Un modèle d’affaires juridiquement viable ?

« Parfois, ce qui pose problème, ce sont les normes propres à une industrie, explique Simon Chénard, avocat en droit commercial et en droit des technologies chez Langlois. La rigidité de ces normes peut être sous-estimée par de jeunes entrepreneurs qui ont créé une super solution et qui sont pressés de la mettre en marché. Ont-ils pris le temps de bien faire les choses ? »

La première question à se poser concerne donc la nature des services offerts par une application ou une solution. « Est-ce que la solution propose un produit financier ? Ce n’est pas toujours le cas, car certaines applications sont davantage des outils de mise en marché ou de communication. Mais à partir du moment où une solution touche au processus de vente ou de distribution d’un produit ou service, on doit analyser sa conformité », souligne Jean-François De Rico, avocat droit des technologies de l’information et de la propriété intellectuelle chez Langlois.

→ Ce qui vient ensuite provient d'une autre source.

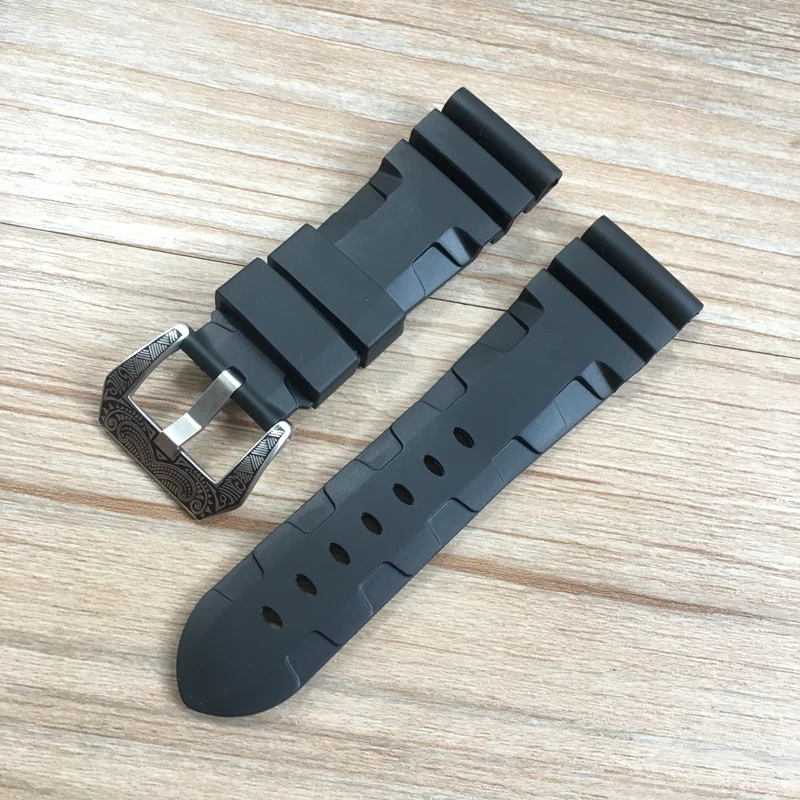 24mm 26mm Orange Black Green Red Gray Blue Silicone Rubber Watchband For PAM Belt Bronze Watch Strap PAM Bracelet Wristband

Une application de courtage en ligne devra se plier à la Loi sur les valeurs mobilières. De la même façon, une application offrant la possibilité de compléter des propositions d’assurance devra respecter la Loi sur la distribution de produits et services financiers. « Par exemple, plusieurs types de produits financiers demandent la validation de l’identité du client par un conseiller ou un représentant. Les institutions financières souhaitant intégrer une solution en fintech doivent donc se pencher sur les processus d’authentification des utilisateurs, d’enregistrement des transactions et de conservation des données », précise l’avocat.

Avant d’investir dans le développement de ce genre de solution, il est donc absolument nécessaire de s’intéresser à l’environnement juridique dans lequel elle s’inscrit, rappelle Simon Chénard : « Si une entreprise adopte un modèle d’affaires incompatible avec la réglementation en place, il peut être très difficile et très coûteux de revenir en arrière. »

La question des données personnelles

En tant qu’investisseur, la deuxième question à se poser porte sur le type de données qui transitent sur l’application. « En fintech, il est très rare que ces données ne comportent pas de renseignements personnels ou confidentiels. Habituellement, on retrouve les deux », dit Jean-François De Rico, rappelant que les données à caractère financier sont particulièrement sensibles, puisqu’en de mauvaises mains, elles peuvent servir au vol d’identité et à la fraude.

Les start-up qui détiennent ce genre de données doivent donc minimalement respecter les lois sur la protection des renseignements personnels applicables dans les juridictions où elles sont actives. Toutefois, les exigences sont beaucoup plus élevées pour les entreprises qui désirent conclure un partenariat avec une institution financière en particulier pour lui offrir des services réservés.

« Le Bureau du surintendant des institutions financières a émis des lignes directrices pour encadrer les banques faisant affaire avec des sous-traitants. Les entreprises en fintech doivent ainsi répondre à des exigences sécuritaires très strictes, portant entre autres sur la localisation des données et la continuité des services », indique Jean-François De Rico.

Entrevoir les complications futures

Enfin, plusieurs applications de fintech remplacent l’humain par un algorithme pour dispenser des services ou des conseils financiers à leurs clients. Cette utilisation grandissante d’une forme ou d’une autre d’intelligence artificielle devrait également susciter la réflexion chez les investisseurs, croit Jean-François De Rico.

« En tant qu’investisseur ou acquéreur d’une solution en technologie financière, on ne doit pas hésiter à remettre en question la manière dont l’algorithme a été éduqué. Quelles sont les sources des données ? Reflètent-elles la diversité du marché ou de l’activité concernée ? Ultimement, on veut s’assurer que l’algorithme ne contient pas de biais intrinsèques susceptibles de fausser les analyses ou d’induire de la discrimination envers un groupe de personnes », conclut l’avocat.